Data shown:

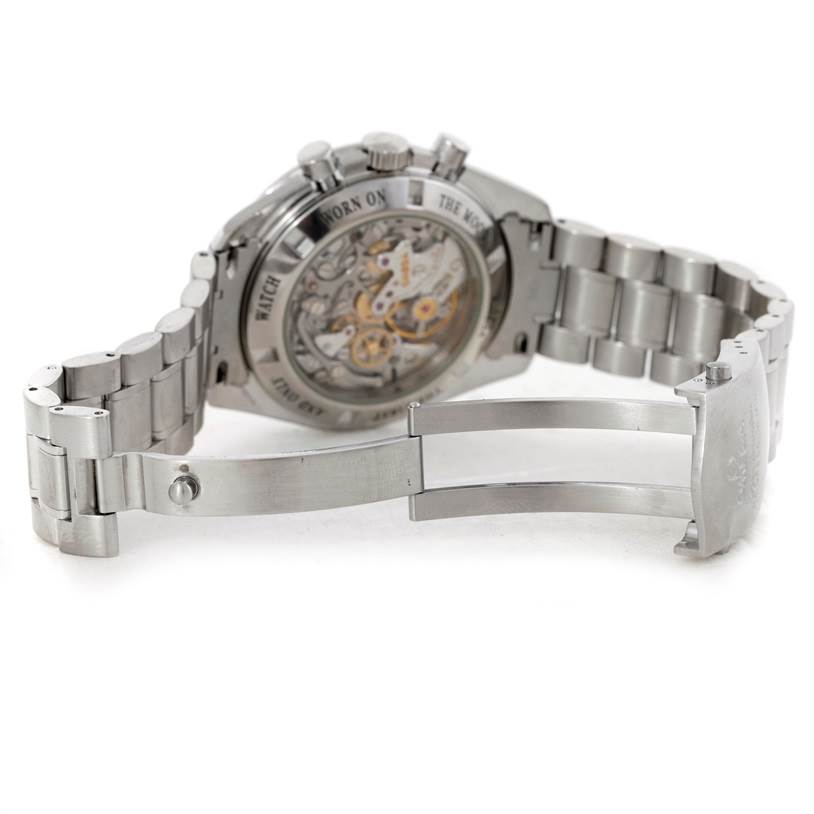 The image shows the back and bracelet of an Omega Speedmaster 3573.50.00 Men
s Stainless Steel Black Dial 3573.50.00 Men
s Stainless Steel Black Dial watch, highlighting its deployment clasp and transparent case back.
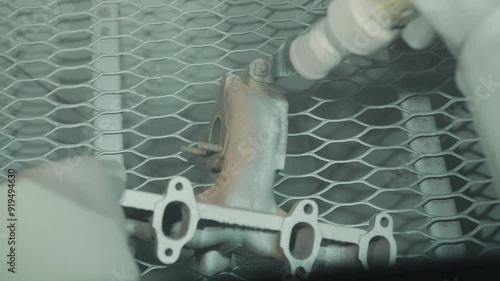 Close up cleaning and removing rust from car turbine turbocharger using a sandblasting machine
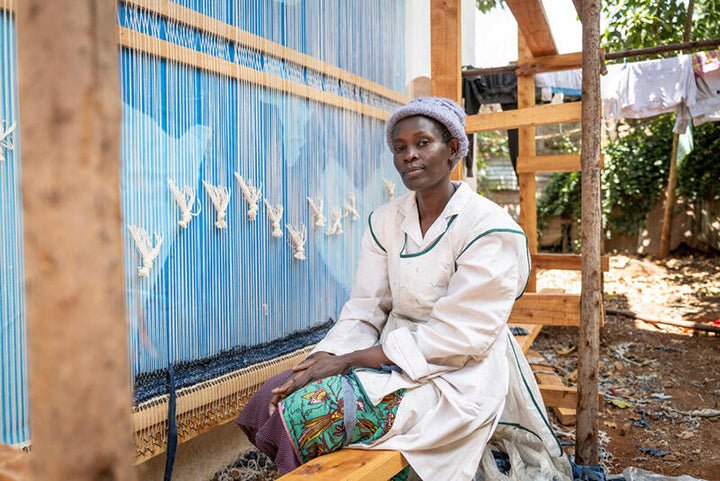Woman sitting in front of a loom with blue fabric, wearing a white shirt and colorful skirt.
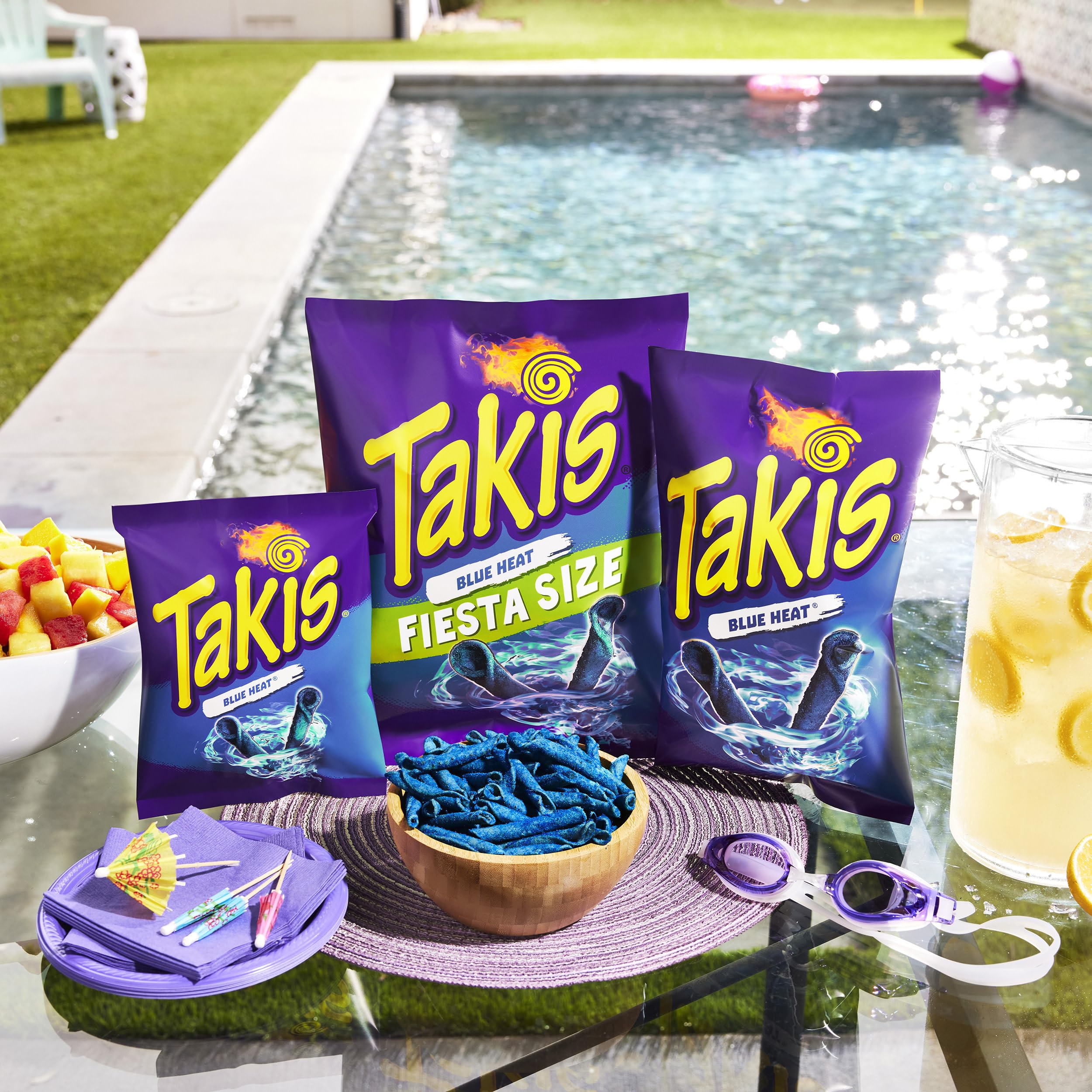 Takis Blue Heat bag pouring chips for a quick office break.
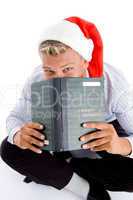 sitting man with book and christmas hat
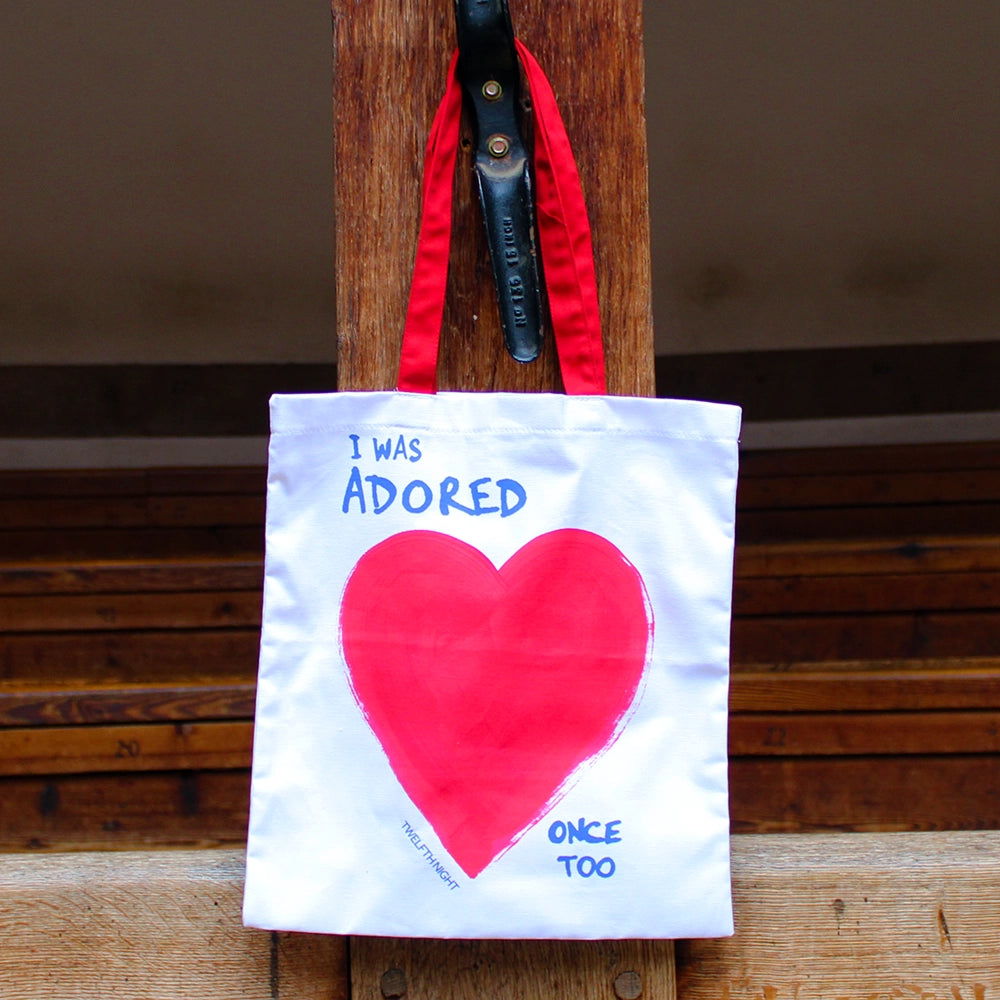 white bag with red handles, printed with a bright red heart and a blue quote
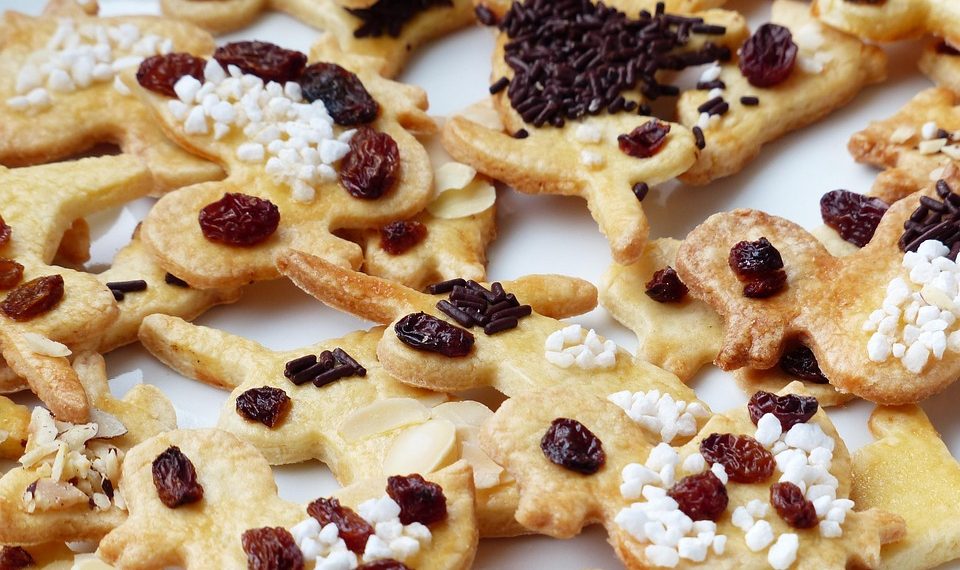Cookies topped with raisins and chocolate sprinkles.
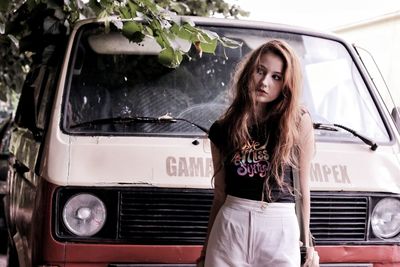 Portrait of young woman in car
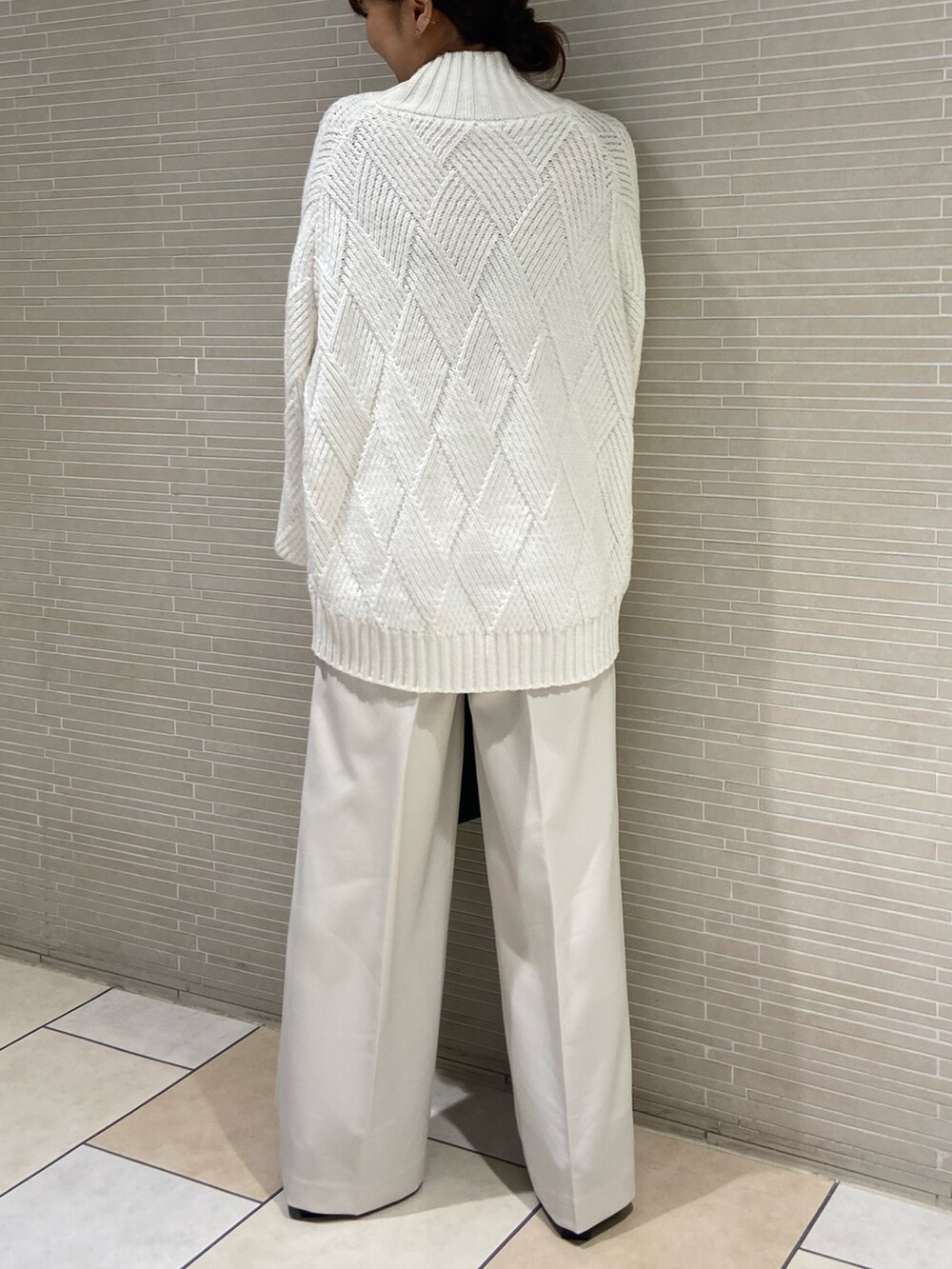 ホワイト系のニット/セーター、ホワイト系のその他パンツ、ブラック系のブーツを着用したレディースの秋コーディネートの4枚目の写真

Work instruction: Return each line of the data that contains the string "Stainless".

Written solution:
s Stainless Steel Black Dial 3573.50.00 Men
s Stainless Steel Black Dial watch, highlighting its deployment clasp and transparent case back.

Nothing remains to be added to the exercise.